このように連続して話す練習をすることで、プレゼンが上達しやすくなるように作ってあります。

 

ところが、最初から長文で話す練習をすると、肝心のこの「話し方の型のリズム」が掴めません。

 

この話し方の型(パターン)のリズムを体感で掴めたら、各要素の内容をもう少し膨らませても、スムーズに話せるようになります。

 

◆エピソードの構成&話し方のポイント
まず各要素(①~⑤)を一文ずつで構成し、次に①導入→②詳細→③問題解決→④変化&認識→⑤メッセージ
この流れに沿って話す練習をすることで、このエピソードの型を使うときの
リズムを掴むことを意識してみて下さい。

 

 

エピソード:事例①~③

 

以下に、これまで紹介してきた5要素(ステップ)を用いたエピソードの事例を3つ挙げます。

 

今度は各要素を一文ではなく少し長めに構成していますが、文章量はもっと減らしても構いません。

 

これらの事例は、先ほどの①~⑤までのシンプルな構成に、少し肉付けして内容を膨らませたものとイメージして下さい。

 

■事例①

①導入(I)
「今から5年ほど前、私は東京のとあるベンチャー企業で営業担当として働いていました」

 

②詳細(D)
「私たちの会社はまだ創業して間もなく、オフィスは未だ小さなものでした。社員はみな、新しいクライアントを獲得するために忙しくしていて、チーム全員が一丸となって働いていました。我々が参加していた市場は競争は激しく、新規クライアントの獲得ができなければ、会社の存続が危ぶまれる状況でした。」

 

③問題/解決(P/S)
「ある日、大手企業との重要な商談がありました。ところが、先方は我々の提案に対して懐疑的で、交渉は難航しました。(問題⊖

しかし、私は必死に我々のビジョンと価値を伝え、具体的なデータと成功事例を用いて説得を試みました。そして最後には、チームの協力を得たことで何とか契約を締結することができました(解決⊕)

 

④変化/認識(C/R):「この経験を通じて、私は困難な状況でも諦めずに挑戦し続け、チームの力を信じ、協力することで大きな成果を上げることができるという実感を得ました。(認識R)この成功は私にとって大きな自信となり、その後のキャリアにおいても大きな影響を与えました(変化C)

 

⑤メッセージ(M):「このエピソードから私が皆さんに伝えたいのは、どんなに困難な状況でも諦めずに前進することの重要性です。挑戦を恐れず、チームの力を信じて行動することで、どんな目標でも達成できるということを覚えておいてください。」

 

■事例②

①導入(I)「今から13年ほど前のことですが…、私は重度の抑うつ状態を経験したことがあります。上京し大学に通い始めて間もない頃だったので、大きな環境の変化がストレスになっていたのだと思います。また恐らく、幼少期から悩まされていた強い感覚過敏も影響していたかもしれません」

 

②詳細(D)「ある時から、うつ病の症状が酷くなり、身体が鉛のように重くなり外出もできなくなってしまいました。夜もよく眠ることができず、深刻な精神状態に陥ってしまい、暗闇の中に閉じ込められたような感覚でした」

 

③問題/解決(P/S):

「一番大変だったのは、希死念慮の波に襲われたことです。私は毎日のように「死ぬこと」を強く意識するようになりました。そして、自分は何者なのか、これから何のために生きればよいのかが、全くわからなくなってしまいました。(問題⊖)

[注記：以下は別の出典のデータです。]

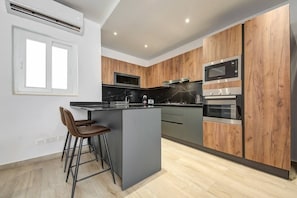 Enjoy cooking in this well-equipped kitchen with a sleek island, microwave, and stainless steel oven.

ところが、この苦しみの中で、私は自分は何のために生き、どんな人生を送りたいだろうかと、本気で問いかけるようになりました。私が一番答えを知りたかったのは、自分の「人生の目的(ミッション)」は何か、ということでした。それから何年もの間、毎日のように自分の内面と深く向き合いました。そして、ある時ようやくハッキリと『人生の目的』を見つけることができました(解決⊕)

 

④変化/認識(C/R):
「人生の目的が明確になったことで、私の人生にはとても大きな変化が起こりました。他の人々の目を気にすることなく、真に自分らしい生き方を選び、以前からずっとやりたいと考えていた哲学の講師としての活動を始めることができたのです(変化C)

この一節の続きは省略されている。